REQUIREMENT. Word for word, please copy the listing below, with its pictures left out.

________________

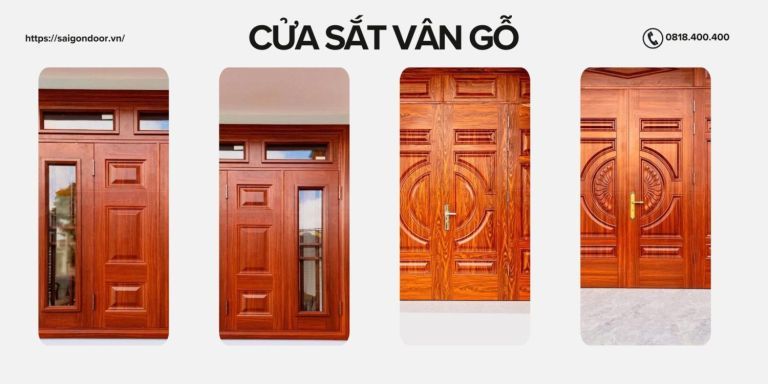 Cửa Sắt Vân Gỗ Trà Vinh - Cách Chọn Màu Sắc Vân Gỗ Phù Hợp Nhất? 7 Nhu cầu lắp đặt cửa sắt vân gỗ Trà Vinh ngày càng tăng cao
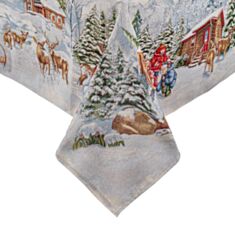 Скатертина новорічна гобеленова Lefard 732-196 Bernard 140*260 см - фото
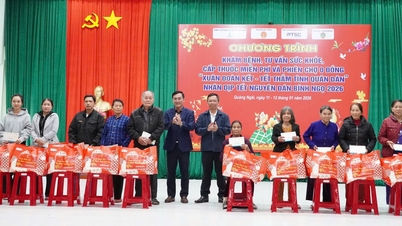 Persatuan Pemuda PTSC Quang Ngai secara aktif melaksanakan kegiatan kesejahteraan sosial dalam rangka menyambut Tahun Baru Imlek 2026 (Tahun Kuda).
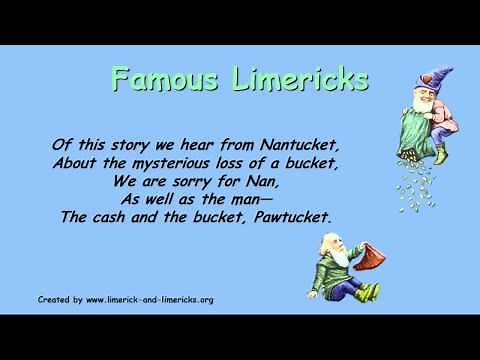 ♣♣♣ Famous Limericks - Example Limerick Poems ♣♣♣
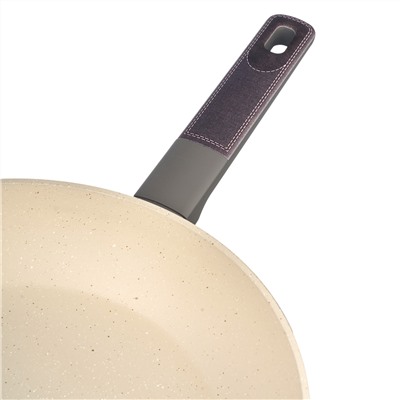 СКОВОРОДА С АНТИПРИГАРНЫМ ПОКРЫТИЕМ PFLUON MARBLE, 28*5,2 СМ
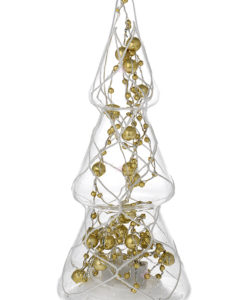 Albero Vetro Soffiato con Luci Oro Bagutta 2 - NonSoloCerimonie.it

________________

YOUR RESPONSE.
 Cửa Sắt Vân Gỗ Trà Vinh - Cách Chọn Màu Sắc Vân Gỗ Phù Hợp Nhất? 7 Nhu cầu lắp đặt cửa sắt vân gỗ Trà Vinh ngày càng tăng cao
 Скатертина новорічна гобеленова Lefard 732-196 Bernard 140*260 см - фото
 Persatuan Pemuda PTSC Quang Ngai secara aktif melaksanakan kegiatan kesejahteraan sosial dalam rangka menyambut Tahun Baru Imlek 2026 (Tahun Kuda).
 ♣♣♣ Famous Limericks - Example Limerick Poems ♣♣♣
 СКОВОРОДА С АНТИПРИГАРНЫМ ПОКРЫТИЕМ PFLUON MARBLE, 28*5,2 СМ
 Albero Vetro Soffiato con Luci Oro Bagutta 2 - NonSoloCerimonie.it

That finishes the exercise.